João Vitor trabalhando como garçom na formatura de turma de Medicina
Ainda adolescente, quando já tinha o sonho de ser médico, trabalhou durante dois anos, como integrante do Instituto Mirim, na sede da Delegacia Geral da Polícia Civil (DGPC), no Parque dos Poderes.
PAIS EXEMPLARES
Filho de uma auxiliar de serviços gerais que atua em uma empresa que faz a manutenção de prédios no Parque dos Poderes e de um pai que aos 45 anos cursou enfermagem (pelo FIES) e que hoje ganha a vida como cuidador de idosos, João Vitor faz questão de enfatizar que estes inúmeros trabalhos nunca lhe tiraram a certeza de que cedo ou tarde conseguiria uma vaga em Medicina em uma universidade pública em Campo Grande.
E esta conquista veio oito anos depois de concluir o ensino médio. Nunca teve condições de fazer cursinho. Por isso, estudou sozinho, com mais dedicação nos últimos seis anos.

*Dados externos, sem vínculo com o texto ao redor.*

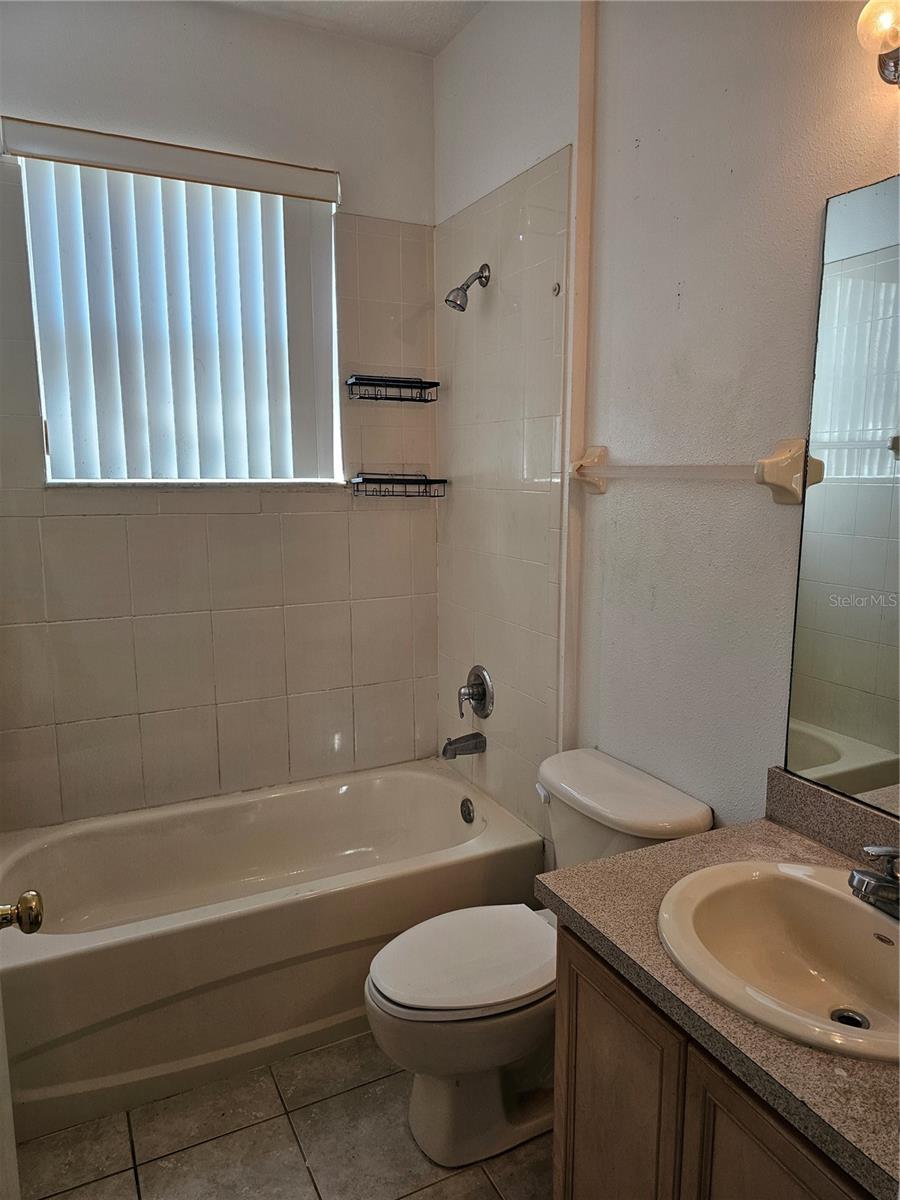 CALABAY PARC AT TOWER LAKE - Residential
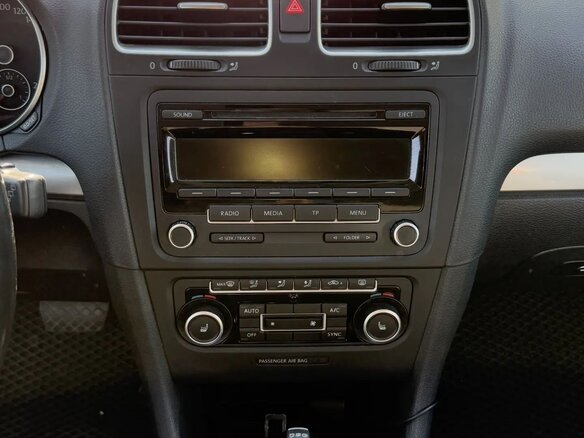 2012 Volkswagen Golf VI, белый, 860000 рублей - вид 13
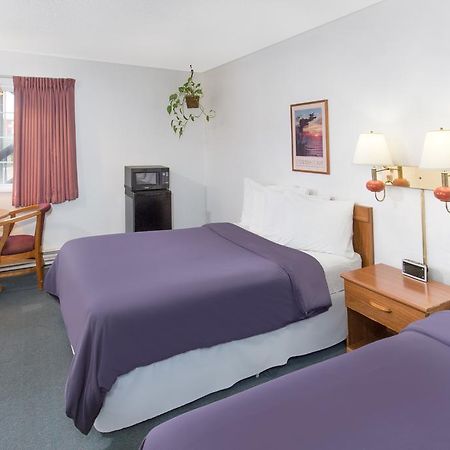 Redwood Inn Crescent City Eksteriør bilde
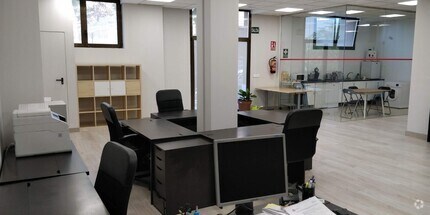 Bureau dans Las Rozas de Madrid, Madrid à louer Photo intérieure– Image 2 sur 5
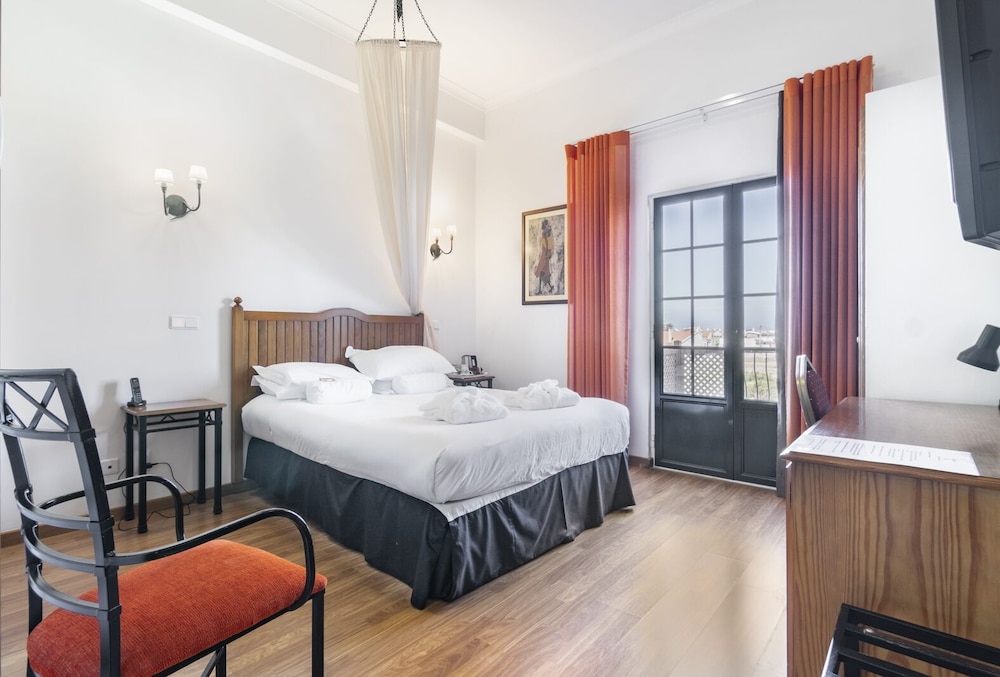 Hotel Dom Vasco 26/87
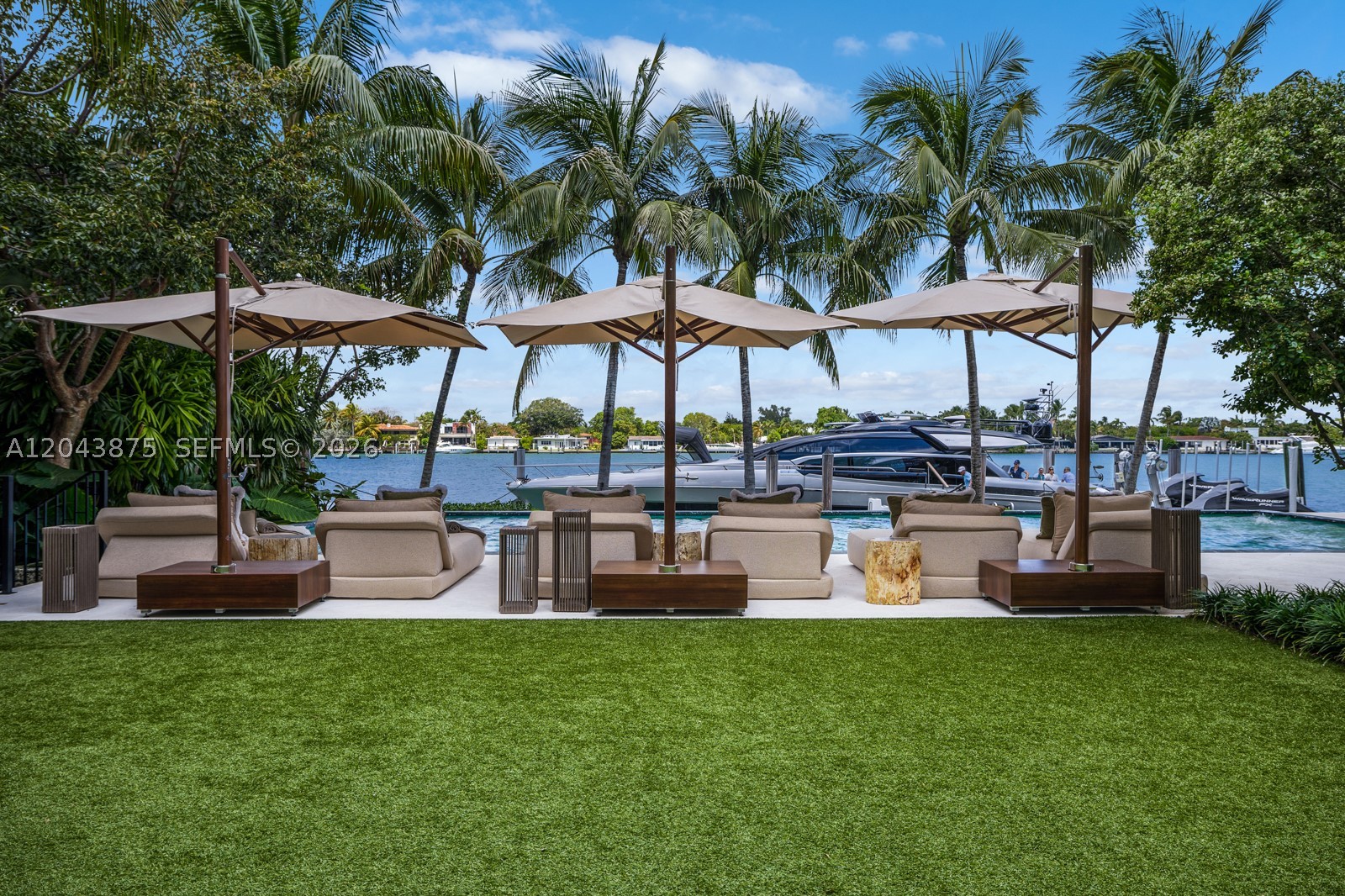 58 La Gorce Cir Miami Beach, FL 33141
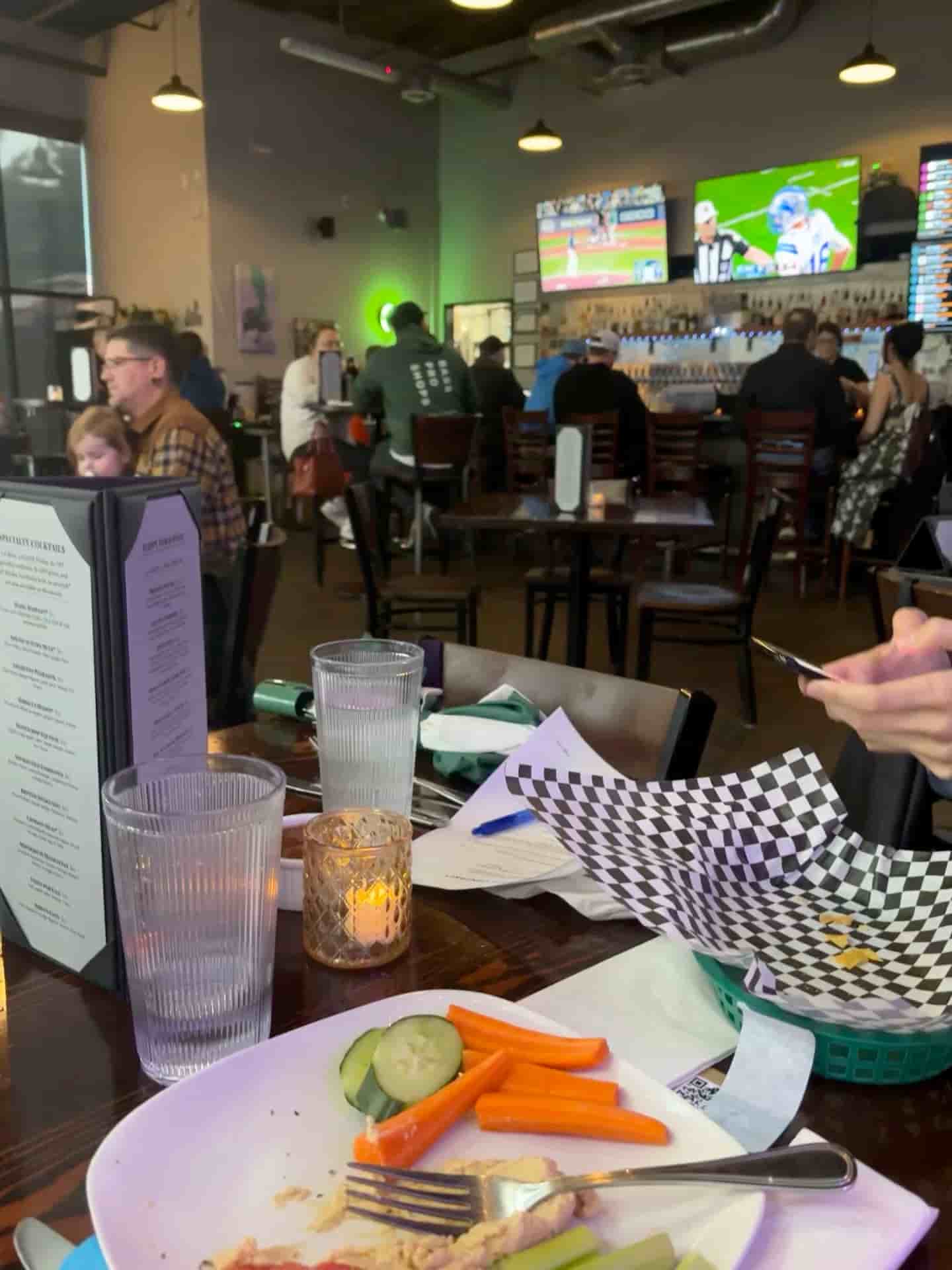 Three Mermaids Public House in Tigard 2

Além de receber material de amigos e pessoas que conheciam sua determinação, lembra que um livro de Física que pegou em uma prateleira em um terminal de ônibus foi fundamental para chegar onde chegou.
Além disso, faz questão de citar a plataforma Aprovatotal, pela qual pagava, em média, R$ 35,00 por mês para ter acesso aos conteúdos oferecidos pelo educador conhecido como Jubilu, um professor de Biologia com 3,7 milhões de inscritos no Youtube. Nos 1,2 mil vídeos publicados, tem 627 milhões de visualizações. Uma parcela ínfima destes ecessos foram de João Vitor.
Embora seja dedicado, João Vitor nunca foi daqueles que podem ser classificados como nerd ou CDF. Sua meta era estudar pelo menos cinco horas por dia. Na prática, porém, estudava somente duas a três horas diariamente.
Nos fins de semana, tinha ajuda da namorada, uma jovem que também é procedente de escola pública, conseguiu concluir Direito na UFMS, trabalha na Procuradoria-Geral do Estado e que promete só parar de estudar quando for aprovada em concurso para ser defensora pública.
Quando não estava trabalhando ou estudando, só se dava ao “luxo” de jogar futebol e frequentar academia rotineiramente. “Nunca fui de sair muito”, diz.
Seu ponto fraco sempre foi a Matemática e por isso sempre soube que tinha poucas chances de ser aprovado pelo Enem. Por isso comemorou o retorno do vestibular na UFMS, onde conseguiu uma das sete vagas destinas a negros e egressos de escolas públicas de famílias com baixa renda.
E, mesmo que conseguisse vaga em alguma universidade fora de Campo Grande, dificilmente conseguiria se manter em outra cidade. Agora, mesmo morando na casa dos pais, já está em busca de bolsa de estudos para conseguir se manter ao longo dos seis anos em que deve durar o curso.
Adepto de muita leitura, só foi aprovado, acredita ele, por conta do bom desempenho em redação. Enquanto a maioria conseguiu em torno de 650 pontos, obteve 800 dos avaliadores da Fapec, conhecidos pelo rigor na correção dos textos.
Inicialmente a reportagem entrou em contato com a mãe de João Vitor, a faxineira Meire Santos, que nas redes sociais comemorou a aprovação do filho. “Não posso falar agora. Estou ocupada demais. Mas não é comigo que você deve falar, o mérito é todo dele”, limitou-se a afirmar a orgulhosa mãe, como se o exemplo dela e do marido não tivessem sido fundamentais para a conquista do jovem negro do Zé Pereira.
O resultado do vestibular saiu no dia 28 de janeiro e antes de efetivar a matrícula, João Vitor teve de passar por uma série de avaliações para atestar que tem direito a uma das vagas oferecidas aos cotistas. Nesta quinta-feira, porém, todas as etapas estavam cumpridas e agora se prepara para o primeiro dia na universidade pública, 10 de março.